On Mon, Aug 07, 2023 at 01:41:07PM +0200, Florian Weimer wrote:
> * Marco Elver:
> 
> > [1]: "On X86-64 and AArch64 targets, this attribute changes the calling
> > convention of a function. The preserve_most calling convention attempts
> > to make the code in the caller as unintrusive as possible. This
> > convention behaves identically to the C calling convention on how
> > arguments and return values are passed, but it uses a different set of
> > caller/callee-saved registers. This alleviates the burden of saving and
> > recovering a large register set before and after the call in the
> > caller."
> >
> > [1] https://clang.llvm.org/docs/AttributeReference.html#preserve-most
> 
> You dropped the interesting part:
> 
> | If the arguments are passed in callee-saved registers, then they will
> | be preserved by the callee across the call. This doesn’t apply for
> | values returned in callee-saved registers.
> | 
> |  ·  On X86-64 the callee preserves all general purpose registers, except
> |     for R11. R11 can be used as a scratch register. Floating-point
> |     registers (XMMs/YMMs) are not preserved and need to be saved by the
> |     caller.
> |     
> |  ·  On AArch64 the callee preserve all general purpose registers, except
> |     X0-X8 and X16-X18.
> 
> Ideally, this would be documented in the respective psABI supplement.
> I filled in some gaps and filed:
> 
>   Document the ABI for __preserve_most__ function calls
>   <https://gitlab.com/x86-psABIs/x86-64-ABI/-/merge_requests/45>
> 
> Doesn't this change impact the kernel module ABI?
> 
> I would really expect a check here

So in the GCC bugzilla you raise the point of unwinding.

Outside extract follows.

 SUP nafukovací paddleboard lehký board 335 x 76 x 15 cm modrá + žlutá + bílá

So in arch/x86 we've beeing doing what this attribute proposes (except
without that weird r11 exception) for a long while.

We simply do: asm("call foo_thunk"); instead of a C call, and then
have the 'thunk' thing PUSH/POP all the registers around a regular C
function.

Paravirt does quite a lot of that as well.

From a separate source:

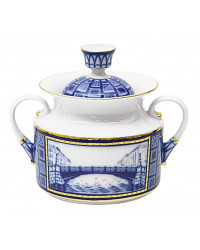 LOMONOSOV IMPERIAL PORCELAIN SUGAR BOWL BRIDGES OF PETERSBURG  540 ml 18.3 oz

In a very few cases we implement a function specifically to avoid all
the PUSH/POP nonsense because it's so small the stack overhead kills it.

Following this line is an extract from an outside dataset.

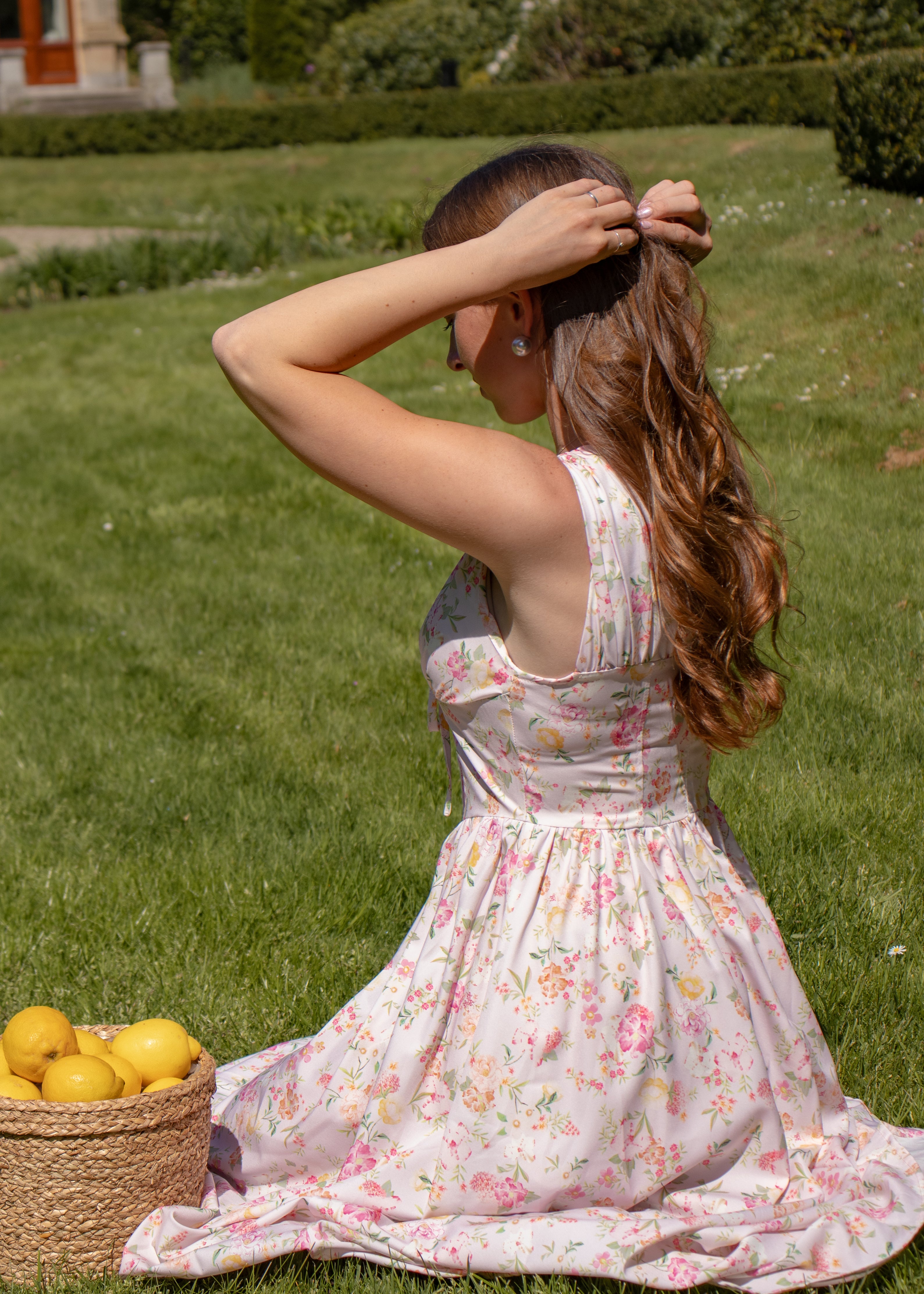 bloemenprint midi jurk roze lage hals met zakken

For unwinding this means that the 'thunk' becomes invisible when IP is
not inside it. But since the thunk is purely 'uninteresting' PUSH/POP
around a real C call, this is not an issue.

[[ tail calls leaving their sibling invisible is a far more annoying
   issue ]]

If the function is one of those special things, then it will be a leaf
function and we get to see it throught he IP.


Now, the problem with __preserve_most is that it makes it really easy to
deviate from this pattern, you can trivially write a function that is
not a trivial wrapper and then does not show up on unwind. This might
indeed be a problem.

Ofc. the kernel doesn't longjmp much, and we also don't throw many
exxceptions, but the live-patch people might care (although ORC unwinder
should be able to deal with all this perfectly fine).

In userspace, would not .eh_frame still be able to unwind this?